Integrating these key facies details and interpreted local EODs with regional and global-scale paleogeography enabled development of a new Lisburne field area Wahoo depositional profile and paleogeographic setting. They are interpreted to be a syn-tectonic, asymmetrically crenulated, distally steepened ramp with updip meta-sedimentary basement highlands to the north (present-day direction) that were sources for the clastics and a rapidly subsiding basin to the south. The field area occupies the inner/outer ramp shallow marine transition location between the clastic provenance uplands to deep marine basin. Across the field, six “informally named” local depositional paleogeographic areas have been defined: central embayment (L3 pad area); west embayment flank (L2 pad area); east embayment flank (L4 pad area); northeast ramp (L5 pad area); northwest ramp (L1 and LGI pads area); and north central ramp (area between L1 and L5 pads). Spatial orientation and geometry of these local paleogeographic areas, interpreted water depths of carbonate facies across the constructed depositional profile, recognition that the field-wide shales cut across all EODs and were deposited in all water depths, coupled with principles of sequence stratigraphy and the global constraint of Bashkirian-age high-amplitude icehouse eustasy are critical for development of the new Wahoo reservoir architecture. Subtle reactivation of preexisting basement fault trends influenced the paleogeography and facies distributions.

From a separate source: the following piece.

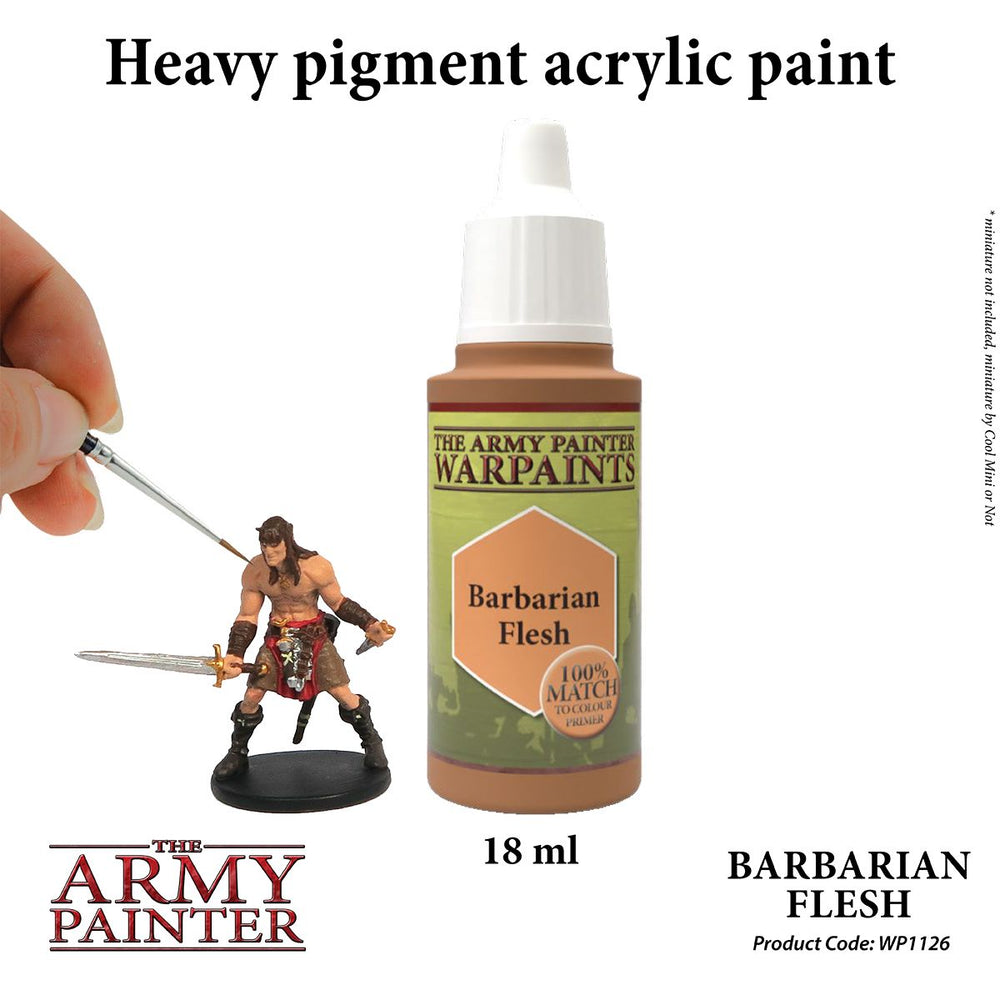 The Army Painter - Warpaints: Barbarian Flesh, 18Ml./0.6 Oz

Overall, the Wahoo reservoir consists of seven carbonate-dominated depositional units separated by shales. Palynology demonstrates that each shale interval is a separate time unit. Sedimentologically, the shales and associated siltstones are land-derived clastics deposited across a carbonate ramp, and thus represent a significant lowering of sea level. Re-establishment of the carbonate factory across the ramp and retreat of clastics to the hinterland represents significant sea level rise. Together, these observations are used to define a third-order depositional sequence: sequence boundary at base of shale, lowstand systems tract consisting of shale and associated siltstones and shaly carbonates, transgressive systems tract consisting of clastics interfingered with and overlain by carbonates, highstand systems tract consisting of carbonates, and top carbonate sequence boundary overlain by next youngest shale. The Wahoo reservoir is interpreted to consist of seven (7) third-order sequences: Zone 1 through Zone 7. Based on vertical trends of thickness, facies proportions, and exposure abundances, the seven third-order sequences are grouped into two second-order supersequences: Zones 1-4 and Zones 5-7. Zones 4 to 7 were divided into fourth-order high-frequency sequences (hfs): Zone 4 – 9 hfs; Zone 5 – 5 hfs; Zone 6 – 4 hfs; and Zone 7 – 4 hfs. Zones 1 to 3 were not subdivided because they are in the water leg.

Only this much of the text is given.